Supreme Court of Pennsylvania
Fisher v. Paxson, 182 Pa. 457 (Pa. 1897)
38 A. 407; 1897 Pa. LEXIS 830
Dean, Green, McCollum, Mitchell, Sterrett, Williams

Fisher v. Paxson

Opinion of the Court

Opinion by

Mr. Chief Justice Sterrett,

We are far from being convinced that there is any error in the ruling complained of in the first specification. The question propounded to the witness was irrelevant, and the evidence sought to be elicited thereby was rightly rejected as incompetent and immaterial. There is nothing in the question presented that requires discussion.

*463The two remaining specifications relate to the compulsory nonsuit and refusal of the court to take it off. A careful consideration of the testimony sent up with the record has satisfied us that the case is not one that should have been submitted to tire jury. While the accident which unfortunately befell the plaintiff is greatly to be regretted, we find nothing in the evidence that tends to prove, or would have warranted the jury in finding that it was due to any negligence of the defendants or their employees.

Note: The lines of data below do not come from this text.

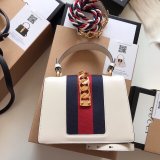 Shoulder Gucci Sylvie Leather 470270 Designer Fake Bag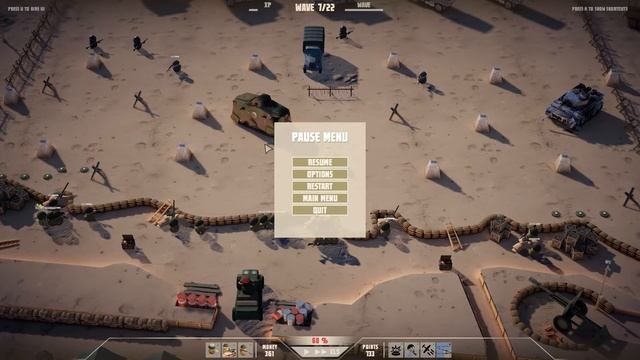 Northend Tower Defense | World War Tower Defense | Gameplay First look смотреть онлайн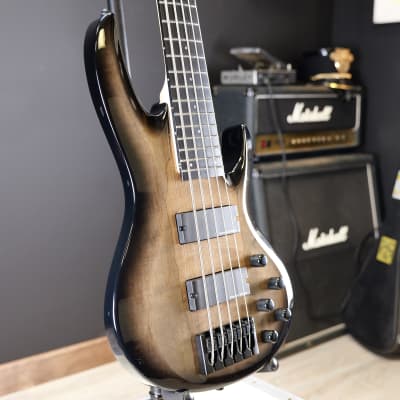 N*e様 ESP E-II BTL-5 Black Natural Burst ESP E-II BTL-5 Electric Bass | Music & Arts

A review of the evidence, for the' purpose of fortifying this conclusion, would serve no useful purpose. The rulings of the court below are so well sustained by the opinion of its learned president, that further elaboration is wholly unnecessary.

Judgment affirmed.

Reference

Full Case Name
Jacob Fisher v. Edward M. Paxson, Joseph F. Harris and John Lowber Welsh, Receivers of The Philadelphia & Reading Railroad Company
Status
Published
Syllabus
Negligence — Railroads—Passengers. In an action by a passenger against a railroad company to recover damages for personal injuries caused by falling into a culvert while walking upon the tracks after alighting from a train, evidence that the culvert was repaired after the accident is irrelevant and inadmissible, where there is nothing to show that the railroad company failed in any duty to the passenger while he was alighting from the train. A nonsuit is properly entered in a case by a passenger against a railroad company for personal injuries where it appears that the plaintiff fell asleep and was carried past the station where he intended to alight; that at the next stop, on the suggestion of the conductor, but without any compulsion, or demand upon him for additional fare, he alighted from the train in a city with which he was familiar, and started to walk between the tracks, and, after going some distance, fell into a culvert and was injured.